Si nada lo remedia, más de una decena de millones de turistas ocuparán nuestras calles, carreteras y playas durante el próximo año y lo harán cuando más les venga en gana, en el momento en que les apetezca escaparse de la rutina. Las vacaciones son sagradas y no entienden de desestacionalizaciones ni turistificaciones. Cada cual escoge, en la medida en la que le es posible, cuándo cambiar de aires. Y nosotros, en nuestra pequeña tierra salpicada de calas, somos irresistibles bajo el calor del sol.

En la década de los 50, los ingleses se inventaron el paquete vacacional, un producto de mercado masivo para los viajes de los súbditos británicos que llevó aparejada una fórmula tan demonizada hoy como el "todo incluido". Fue el punto de partida de la democratización del turismo; ya no hace falta gastarse los ahorros de todo un año para bañarse en aguas más apetecibles que el gélido Mar del Norte. El mundo es una inmensa plaza en la que confluyen todos los éxodos. También el nuestro, porque nosotros mismos participamos de la masificación de ciudades como Venecia, Barcelona o Bangkok. La realidad es que nos mueve la inquietud por situarnos eventualmente en lugares distintos al nuestro, porque esa es una de las formas de ocio y de desconexión más apasionantes que ha fomentado la humanidad y es, también, un modo de conquista emocional de espacios que nos son ajenos y por los que sentimos curiosidad.

Sin embargo, ya queda menos de ese concepto de rebaño aparentemente homogéneo que fue el turismo. Los patrones de consumo actuales han originado nuevos perfiles y hoy lo que tenemos es un mercado segmentado y muy flexible y, por lo tanto, más impredecible. Ahora existe Internet y cada vez necesitamos menos hacer cola en la agencia de viajes, porque lo que nos gusta es "customizarnos" nosotros mismos las vacaciones y buscar la ganga por nuestra cuenta, a partir del "boca a boca" o las opiniones de usuarios de TripAdvisor y demás.

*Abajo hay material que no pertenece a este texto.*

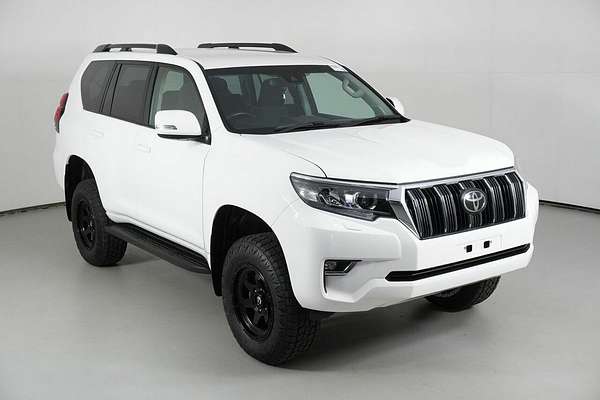 2023 Toyota Landcruiser Prado GXL GDJ150R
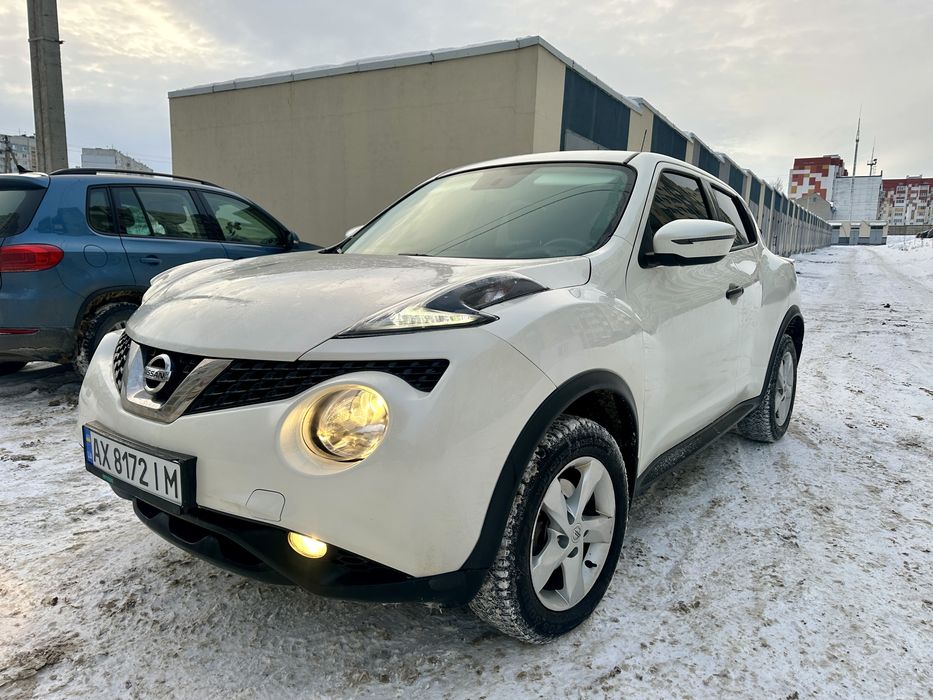 Продам Nissan Juke 2019 г.в.Вариатор.Официальная.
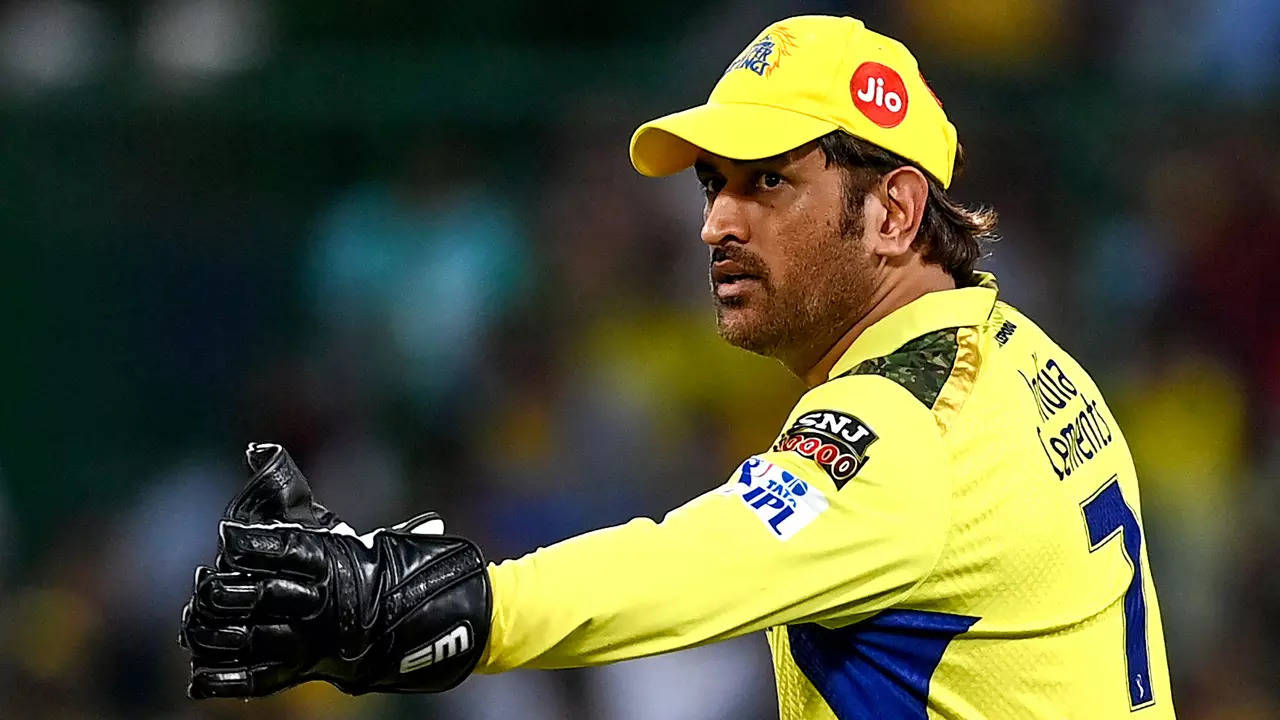 Always team first': MS Dhoni reveals what qualities he looks for ...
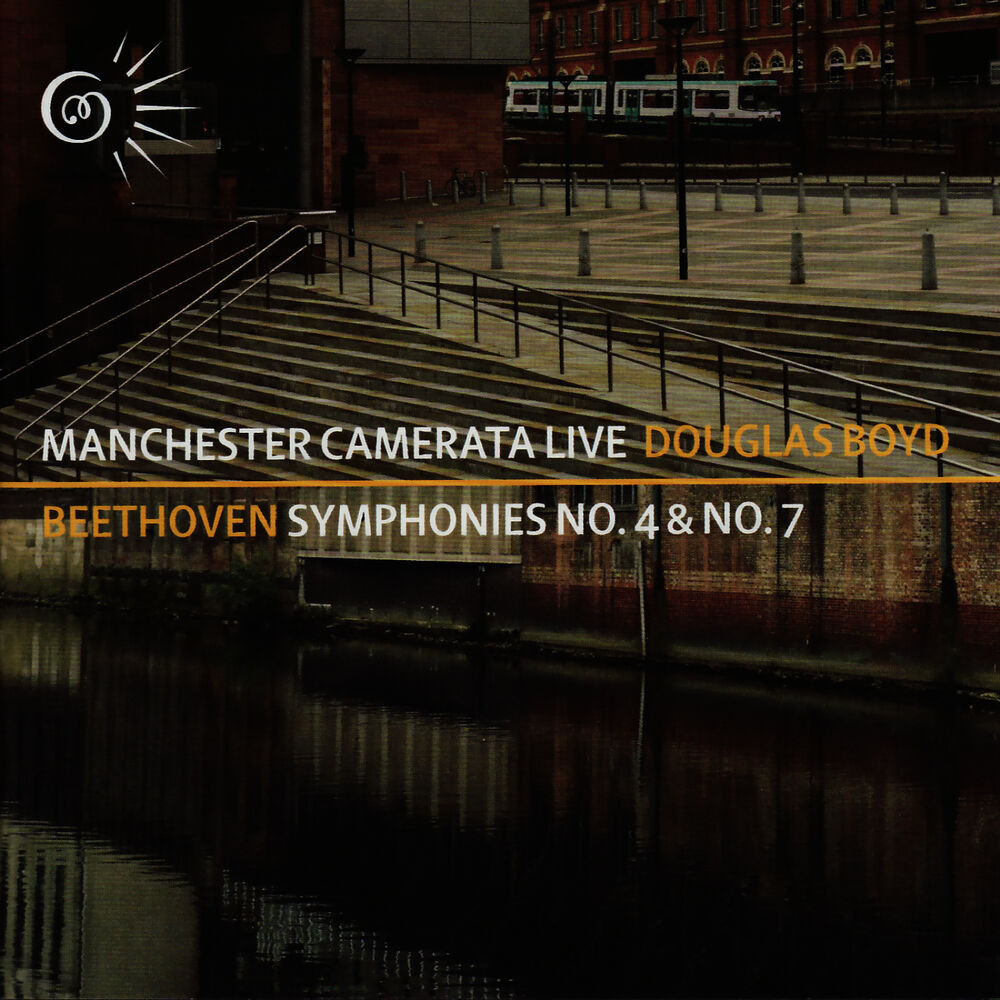 Picture of Beethoven: Symphonies Nos. 4 & 7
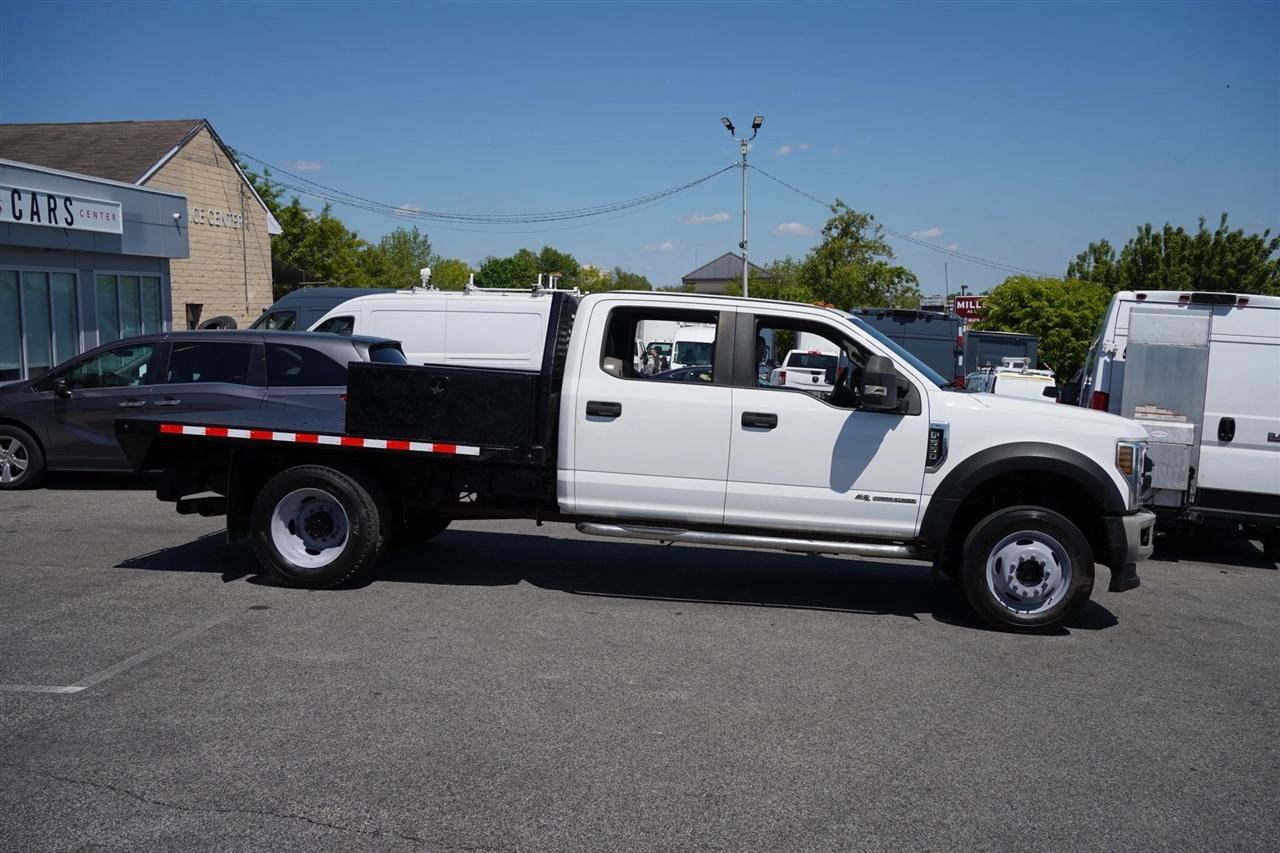 Ford F-550 Crew Cab DRW 4WD 2018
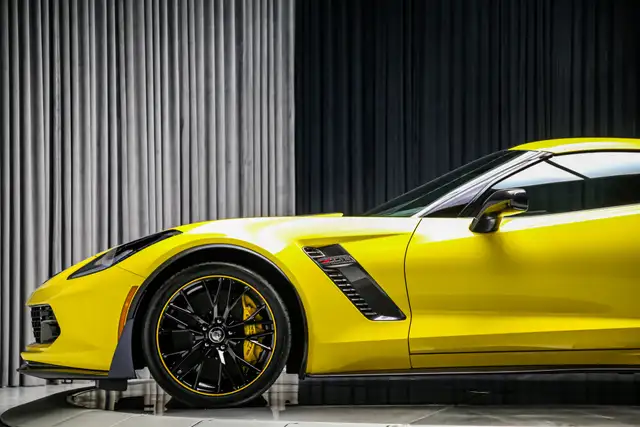 2016 Chevrolet Corvette Z06 C7.R EDITION Z07 3LZ MANUAL 650HP|RA - Photo 21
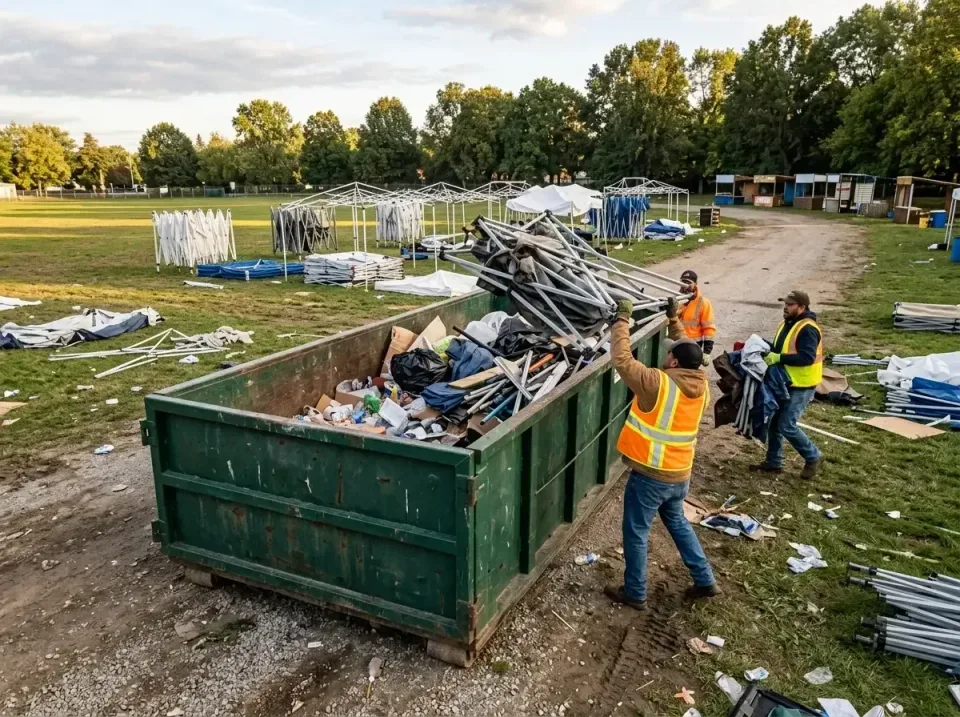 temporary-event-waste-containe-016 — frequently asked questions, Roll-Off Dumpster Rental Services in Stanwood, WA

John Urry fue un sociólogo cuyas investigaciones profundizaron en el fenómeno del turismo y la movilidad. Uno de sus libros preconizaba el rechazo de las personas a ser tratadas como turistas en masa. Él distinguía entre el turista "romántico", que busca diferenciarse de otros y a quien inoportuna que los lugares que visita sean frecuentados por mucha gente, y el turista "colectivo", que decide que un sitio vale más la pena porque recibe millones de visitantes. Es una clasificación básica, porque existen muchas otras categorías que definen lo que cada uno espera de su viaje. Pero si pedimos cosas tan distintas de nuestras experiencias, ¿por qué entonces nos empeñamos en sopesar el éxito de un destino según el número de personas que lo eligen? ¿por qué seguimos midiendo la salud del mercado sobre la base de que cuántos más vengan, mejor, incluso aunque tengamos que acabar regateando el precio? Nos faltan líneas rojas, pero no solo para no saturar el difícil equilibrio entre recursos y convivencia, sino porque corremos el riesgo de subvertir la diferencia, de convertir la variedad de destinos en una aldea global, una red de parques temáticos sin alma a ojos del viajero que incorpora su gusto cada vez más exigente por descubrir lo genuino entre tanta uniformidad. El "posturismo" es un neologismo sobre el que existen dos definiciones; la del que "viaja" a lugares remotos a través de las webs, sin moverse del salón de su casa, y la de quien no se conforma con el producto vacacional clásico y exige que se innove. Con suerte quizás el turismo que viene sea esto último. Ójala.